The authors present an exploratory retrospective analysis on blood gas data from COVID-19 patients regarding hemoglobin affinity.

Major comments:

First, I think more sophisticated analysis methods are needed to properly interpret the data. The data are many repeated measures within subjects. The current analysis does not take into account that the data are repeated measures within a subject. The authors could use analysis methods such as linear mixed models (continuous outcome) or generalized estimating equations (categorical data) to account for this.

Second, the current conclusions (and title) are not supported by the currently presented results (even though I think different methods need to be used). The title suggests that changes in affinity are related to mortality. What the authors actually found was that the late p50 was higher in patients who died, but there was no association between temporal changes and outcome.

Third, the discussion of the results reads somewhat teleological. A left change is presented as an ‘adaptive’ mechanism that the human body somehow is able to turn on, and it turns it on because it is good for itself. I think it would be more scientifically sound to just discuss whatever is observed in patients and how this may be caused. The teleological argument that the authors present is also difficult to match with the actual observations. The authors seem to want to eat one’s cake and have it too. If a left shift is induced by SARS-COV2 or the body’s response to the virus, would you expect left shift to be maximal when patients have higher viral loads and are sicker (at ICU admission vs. discharge)? The presented data seem to indicate that left shift is associated with less viral load.

Minor comments:

Analyses is the plural of analysis.
The outcome paragraph is currently written as an aims statement.

The sentence in line 316 suggests that the change in p50 was from an analysis in only survivors, while that result seems to have been obtained in both alive and dead patients?

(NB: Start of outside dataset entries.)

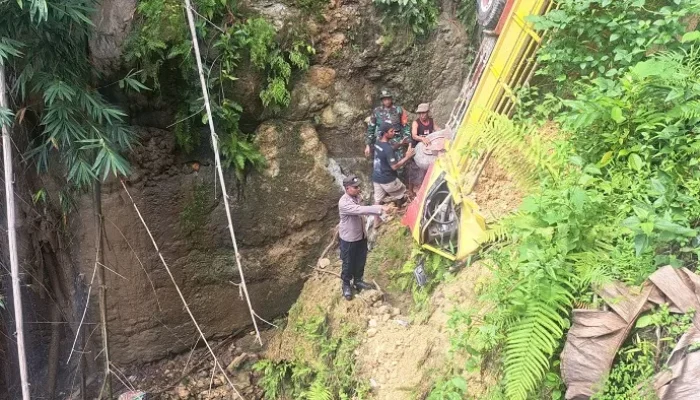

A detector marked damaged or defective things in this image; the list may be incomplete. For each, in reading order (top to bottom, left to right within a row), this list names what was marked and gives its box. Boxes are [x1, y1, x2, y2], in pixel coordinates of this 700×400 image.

crashed truck [400, 0, 552, 260]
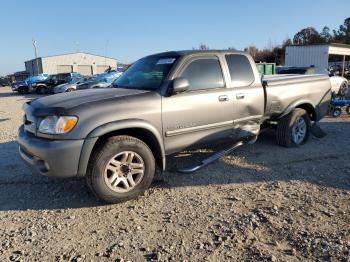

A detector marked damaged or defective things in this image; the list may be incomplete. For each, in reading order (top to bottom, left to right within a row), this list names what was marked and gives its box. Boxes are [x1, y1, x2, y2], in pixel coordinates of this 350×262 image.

damaged vehicle [17, 50, 332, 203]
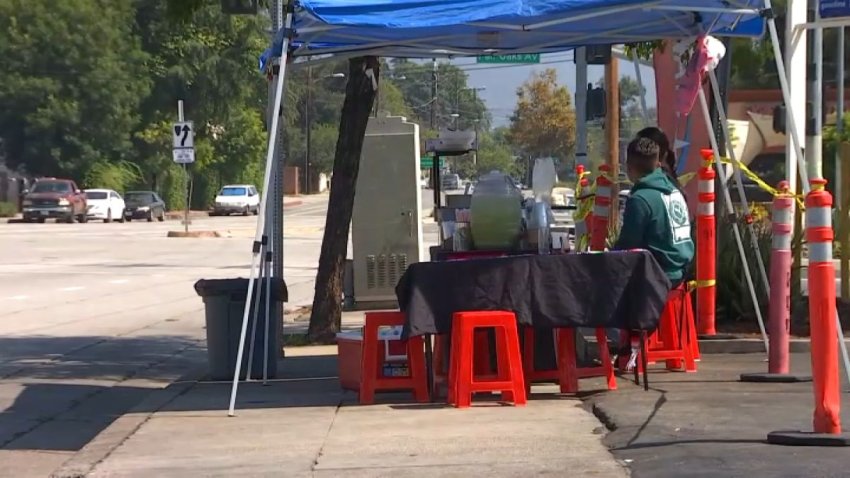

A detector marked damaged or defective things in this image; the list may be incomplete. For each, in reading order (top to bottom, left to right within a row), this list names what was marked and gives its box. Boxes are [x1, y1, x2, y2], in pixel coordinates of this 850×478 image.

concrete sidewalk crack [310, 400, 342, 470]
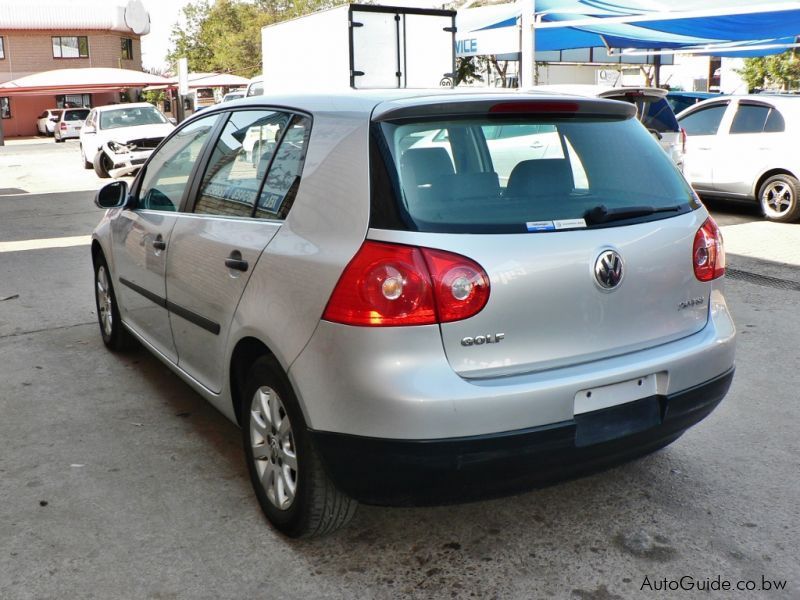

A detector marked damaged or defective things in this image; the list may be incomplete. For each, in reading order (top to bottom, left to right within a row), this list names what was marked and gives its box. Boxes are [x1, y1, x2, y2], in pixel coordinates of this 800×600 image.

damaged white car [78, 102, 175, 178]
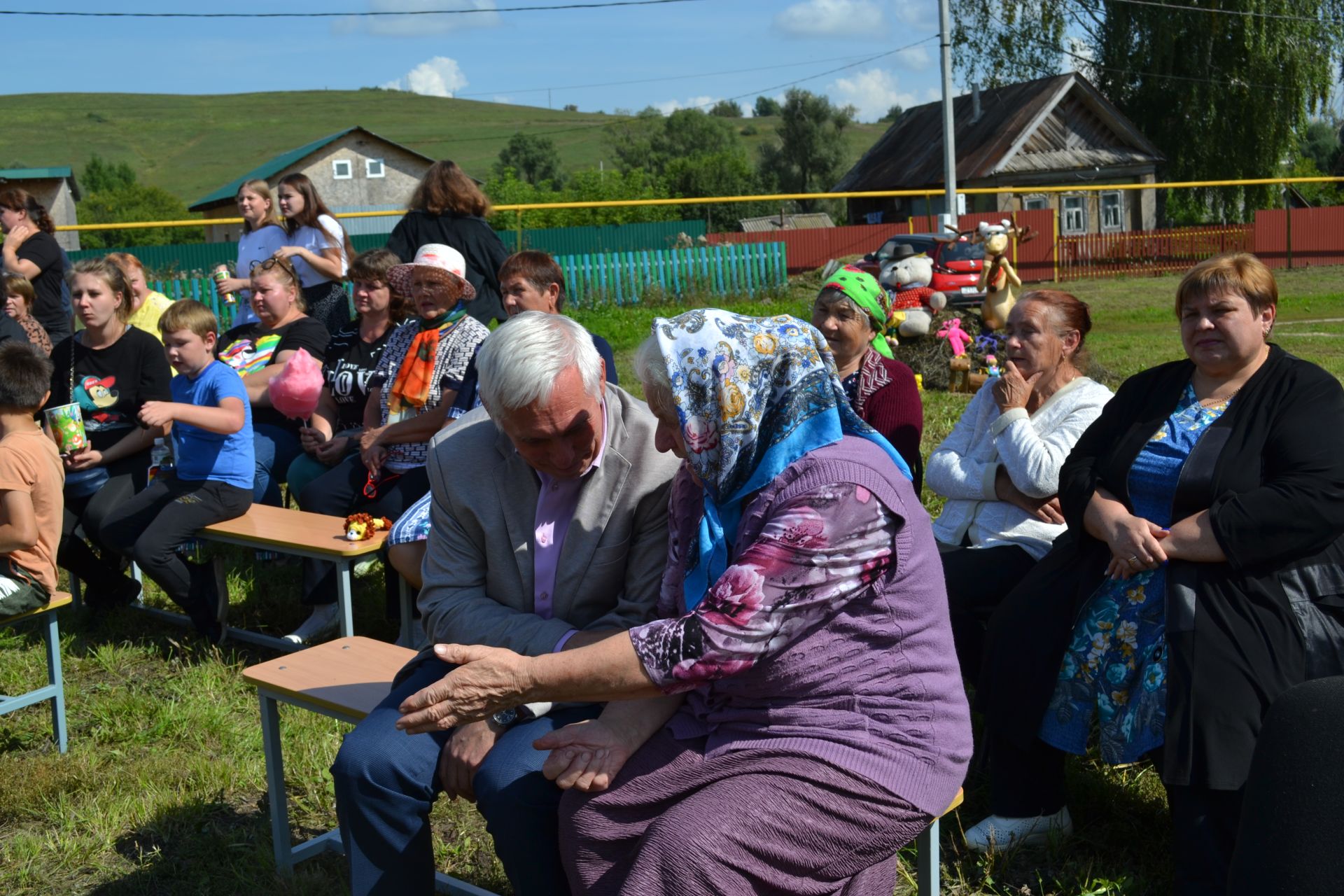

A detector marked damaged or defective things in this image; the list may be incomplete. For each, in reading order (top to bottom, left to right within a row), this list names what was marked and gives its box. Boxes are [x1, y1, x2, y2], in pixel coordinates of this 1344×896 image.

rusty metal roof [833, 74, 1161, 193]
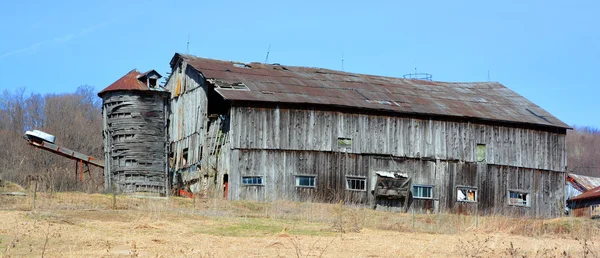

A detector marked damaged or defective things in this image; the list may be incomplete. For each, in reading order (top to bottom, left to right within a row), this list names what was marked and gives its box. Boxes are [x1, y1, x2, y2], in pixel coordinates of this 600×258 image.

rusty metal roof [98, 69, 164, 96]
rusty metal roof [175, 53, 572, 129]
damaged wall [100, 91, 166, 194]
rusty metal roof [568, 173, 600, 194]
broken window [454, 186, 478, 203]
broken window [508, 190, 528, 207]
rusty metal roof [568, 186, 600, 203]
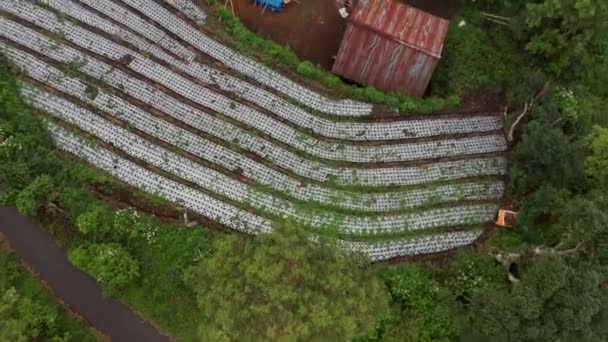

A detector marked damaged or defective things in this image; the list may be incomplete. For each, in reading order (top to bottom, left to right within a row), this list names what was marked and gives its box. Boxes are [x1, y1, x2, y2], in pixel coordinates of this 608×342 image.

rusty corrugated metal roof [330, 0, 448, 97]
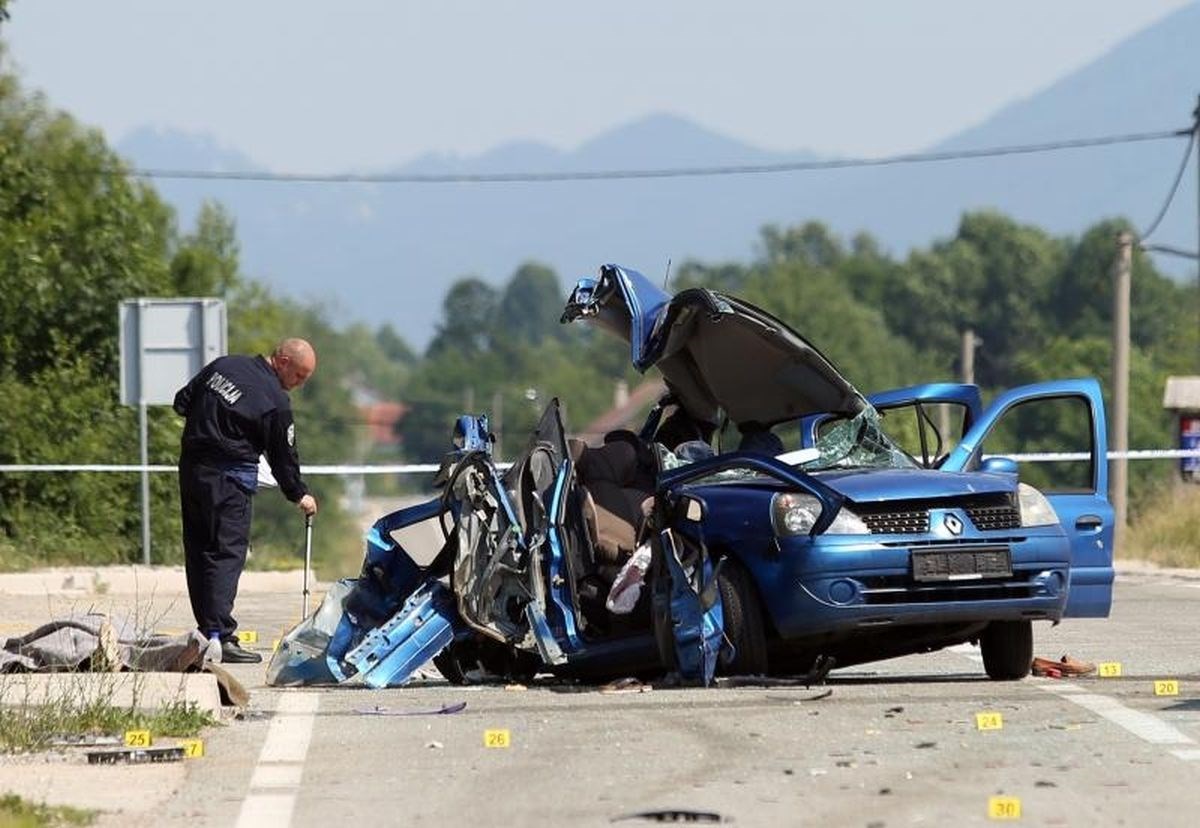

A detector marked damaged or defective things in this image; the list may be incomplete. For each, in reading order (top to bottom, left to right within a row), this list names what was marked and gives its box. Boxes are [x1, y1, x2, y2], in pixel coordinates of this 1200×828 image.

wrecked blue car [265, 264, 1113, 681]
crumpled car hood [561, 264, 864, 429]
shattered windshield [796, 405, 916, 470]
detached car door [945, 376, 1113, 614]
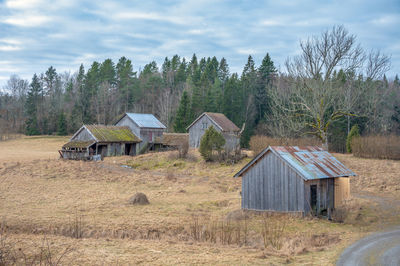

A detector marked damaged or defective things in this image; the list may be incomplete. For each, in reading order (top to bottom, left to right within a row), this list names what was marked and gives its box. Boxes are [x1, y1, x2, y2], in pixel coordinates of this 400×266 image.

rusty metal roof [186, 111, 239, 132]
rusty metal roof [234, 147, 356, 180]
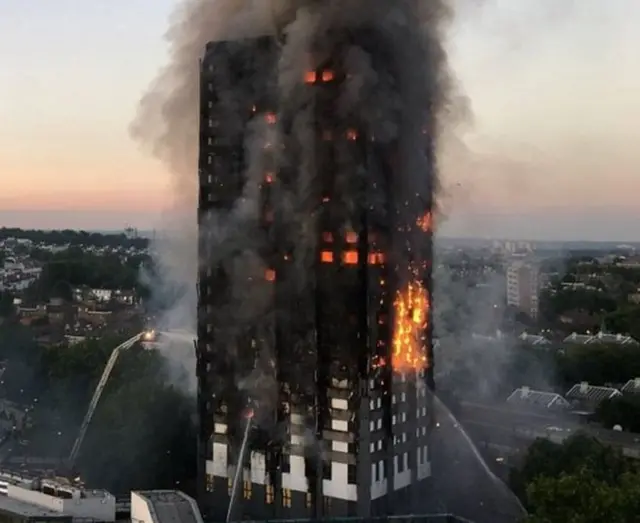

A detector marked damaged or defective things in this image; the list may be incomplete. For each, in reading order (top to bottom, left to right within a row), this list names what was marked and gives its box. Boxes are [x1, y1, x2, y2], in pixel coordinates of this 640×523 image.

charred facade [195, 26, 436, 520]
scorched cladding [195, 27, 436, 523]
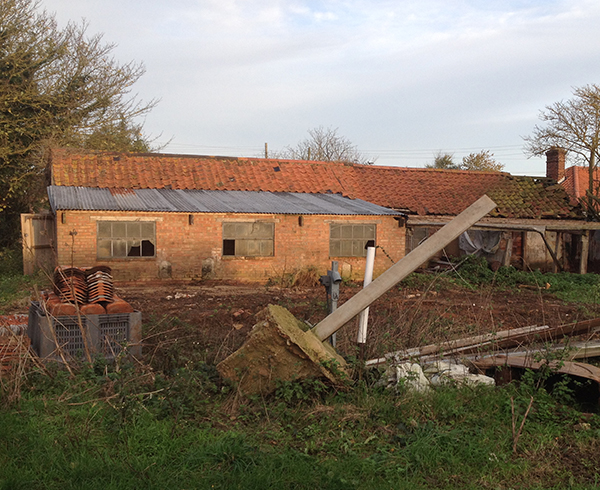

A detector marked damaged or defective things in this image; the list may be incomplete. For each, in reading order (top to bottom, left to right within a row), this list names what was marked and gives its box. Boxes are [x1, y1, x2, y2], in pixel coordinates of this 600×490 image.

broken window [97, 221, 156, 258]
broken window [223, 222, 274, 258]
broken window [328, 224, 376, 258]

Line 399 sounds promotional.

Author Response

  1. First, I think more sophisticated analysis methods are needed to properly interpret the data. The data are many repeated measures within subjects. The current analysis does not take into account that the data are repeated measures within a subject. The authors could use analysis methods such as linear mixed models (continuous outcome) or generalized estimating equations (categorical data) to account for this.

Response:

We thank the reviewer for this interesting suggestion. The use of linear mixed models for continuous outcome could represent the most appropriate method to better study the temporal evolution of p50, since these are repeated measurements over time of the same subjects. We took into consideration this analysis at the beginning of our study, but we realized that it was not feasible. Critically ill COVID-19 patients presented an ICU length-of-stay (LOS) relatively long and burdened of complications, such as pulmonary superinfections, severe acute kidney injury requiring CVVHDF, septic shocks from bloodstream infection, etc... which make it difficult to obtain "clean" and bias-free data to get an uncontaminated analysis of the p50 temporal changes. Based on the pathophysiological evolution of the critically ill COVID-19 disease, and confirmed by Luyt CE et al [Ann Intensive Care 2020], Rouzé et al [Intensive Care Medicine 2021] and Torres A et al [Eur Respir J 2021] and in the ESICM guidelines about critically ill COVID-19 management, the rate of superinfection and further complications for the first days of hospitalization in the ICU resulted almost zero. These reasons induced us to analyze and compare the dissociation of hemoglobin at the ICU admission with the last 3 days of the ICU stay.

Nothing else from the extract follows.